Tango consists of a variety of styles that developed in different regions and eras of Argentina, as well as in other locations around the world. The dance developed in response to many cultural elements, such as the crowding of the venue and the fashions in clothing. The styles are mostly danced in either open embrace, where lead and follow have space between their bodies, or close embrace, where lead and follow connect chest-to-chest (Argentine tango) or in the upper thigh (American and International tango).
Different styles of tango are:
Tango argentino (Argentine tango);
Tango liso (Smooth tango);
Tango salón (Salon tango);
Tango camacupense (from Angola);
Tango nuevo (New tango);
Tango Valparaísino (from Valparaíso, Chile);
Tango vals (Tango Waltz);
There are totally 6 pieces of music in the FREE album of Tango on Violy, including:
1. La Derniere Rose | Andante = 76
The work originated from The Last Rose of Summer, which is a poem written by the Irish poet Thomas Moore. He wrote it in 1805. The poem was set to a traditional tune called “Aislean an Oigfear”, or “The Young Man’s Dream”. The poem and the tune together were published in December 1813 in volume 5 of Thomas Moore’s A Selection of Irish Melodies.
2. Moments Musicaux №3 | Allegro Moderato = 100
The work is the third movement from Six Moments Musicaux composed by Franz Schubert. This piece in F minor has been arranged by Leopold Godowsky and others.
3. The Easy Winners | BPM = 80
The work is a ragtime composition by Scott Joplin. It is one of the composer’s most popular works. The composition follows the structural pattern which is typical of many Joplin’s works. The pattern is extended to include an introduction before strain A and another before strain C, or the trio. Thus, the structure reads: Intro A A B B A Trio-Intro C C D D.
The intro is in A-flat major and the Trio is in the subdominant key of D-flat major.
4. The Entertainer | BPM =80
The Entertainer is written by Scott Joplin in 1902. As one of the classics of ragtime, it returned to international prominence as part of the ragtime revival in the 1970s, when it was used as the theme music for the 1973 Oscar-winning film The Sting.
The Entertainer is sub-titled “A Ragtime Two Step”, which was a form of dance popular until about 1911, and a style which was common among ragtime works written at the time. Its structure is: Intro–AA–BB–A–CC–Intro 2–DD.
The work is primarily set in the key of C major. However, for the C section, it modulates to F major. Then through a transitional passage, it modulates back to C major for the D section. The B section contains an indication that the melody is to be played an octave higher on the repeat.
5. Por Una Cabeza | Moderato = 104
Por Una Cabeza is a tango song written in 1935 with music by Carlos Gardel and lyrics by Alfredo Le Pera. The name is a Spanish horse-racing phrase meaning “by a head”, which refers to a horse winning a race narrowly by just the length of its head.

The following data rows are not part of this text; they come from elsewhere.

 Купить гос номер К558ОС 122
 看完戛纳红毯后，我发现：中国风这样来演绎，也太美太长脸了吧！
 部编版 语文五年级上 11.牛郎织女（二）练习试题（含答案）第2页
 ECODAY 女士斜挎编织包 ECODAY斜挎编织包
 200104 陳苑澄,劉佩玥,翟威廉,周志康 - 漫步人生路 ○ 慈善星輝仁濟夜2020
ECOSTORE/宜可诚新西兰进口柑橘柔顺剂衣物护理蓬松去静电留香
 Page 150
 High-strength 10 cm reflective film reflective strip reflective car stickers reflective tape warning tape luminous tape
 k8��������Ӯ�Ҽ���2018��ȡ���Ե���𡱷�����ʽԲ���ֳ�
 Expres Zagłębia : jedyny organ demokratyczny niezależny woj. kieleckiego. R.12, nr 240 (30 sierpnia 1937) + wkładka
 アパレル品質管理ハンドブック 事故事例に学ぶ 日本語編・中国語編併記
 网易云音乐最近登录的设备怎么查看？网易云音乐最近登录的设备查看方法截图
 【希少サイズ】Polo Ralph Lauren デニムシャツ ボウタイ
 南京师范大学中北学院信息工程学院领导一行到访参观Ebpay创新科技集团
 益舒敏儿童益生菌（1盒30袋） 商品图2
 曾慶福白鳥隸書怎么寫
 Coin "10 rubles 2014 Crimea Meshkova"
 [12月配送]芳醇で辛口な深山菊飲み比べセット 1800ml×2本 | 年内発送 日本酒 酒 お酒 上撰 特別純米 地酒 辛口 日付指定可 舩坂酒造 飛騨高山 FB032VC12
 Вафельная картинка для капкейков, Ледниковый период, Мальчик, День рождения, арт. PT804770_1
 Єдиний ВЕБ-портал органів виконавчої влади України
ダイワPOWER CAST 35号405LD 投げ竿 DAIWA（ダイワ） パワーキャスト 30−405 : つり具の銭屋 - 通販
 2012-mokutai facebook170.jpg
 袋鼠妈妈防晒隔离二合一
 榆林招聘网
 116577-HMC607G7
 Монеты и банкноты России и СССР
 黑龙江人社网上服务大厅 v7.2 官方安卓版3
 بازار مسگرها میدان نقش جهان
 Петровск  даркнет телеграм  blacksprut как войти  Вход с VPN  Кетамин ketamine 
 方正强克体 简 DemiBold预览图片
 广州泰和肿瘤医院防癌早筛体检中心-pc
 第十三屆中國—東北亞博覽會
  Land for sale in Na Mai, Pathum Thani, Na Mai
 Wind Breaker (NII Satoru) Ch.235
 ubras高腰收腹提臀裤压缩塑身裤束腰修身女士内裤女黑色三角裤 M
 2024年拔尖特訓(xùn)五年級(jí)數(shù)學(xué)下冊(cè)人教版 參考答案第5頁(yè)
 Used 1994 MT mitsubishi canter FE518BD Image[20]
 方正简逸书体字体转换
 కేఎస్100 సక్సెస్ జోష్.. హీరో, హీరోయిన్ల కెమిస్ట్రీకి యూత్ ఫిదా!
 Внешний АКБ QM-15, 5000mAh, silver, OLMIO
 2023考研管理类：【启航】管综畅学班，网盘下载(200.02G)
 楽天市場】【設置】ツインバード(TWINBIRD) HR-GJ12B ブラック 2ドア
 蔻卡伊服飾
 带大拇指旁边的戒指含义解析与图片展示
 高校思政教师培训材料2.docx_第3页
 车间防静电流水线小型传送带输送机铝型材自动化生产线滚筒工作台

The starting phrase in the B section may be inspired by Mozart’s Rondo for Violin and Orchestra in C major, K. 373. The song was originally composed in A major. It was thereafter adapted to the violin and the piano in G major.
6. La Bamba | Allegro = 138
La Bamba is a Mexican folk song, originally from the state of Veracruz, best known from a 1958 adaptation by Ritchie Valens. The adaptation is a top 40 hit in the U.S. charts and one of the best-known songs of early rock and roll.
Valens’ La Bamba infused the traditional tune with a rock drive. The song features a simple verse-chorus form. It ranked №98 in VH1’s 100 Greatest Songs of Rock and Roll in 1999, and №59 in VH1’s 100 Greatest Dance Songs in 2000. Furthermore, Valens’ recording of the song was inducted into the Latin Grammy Hall of Fame.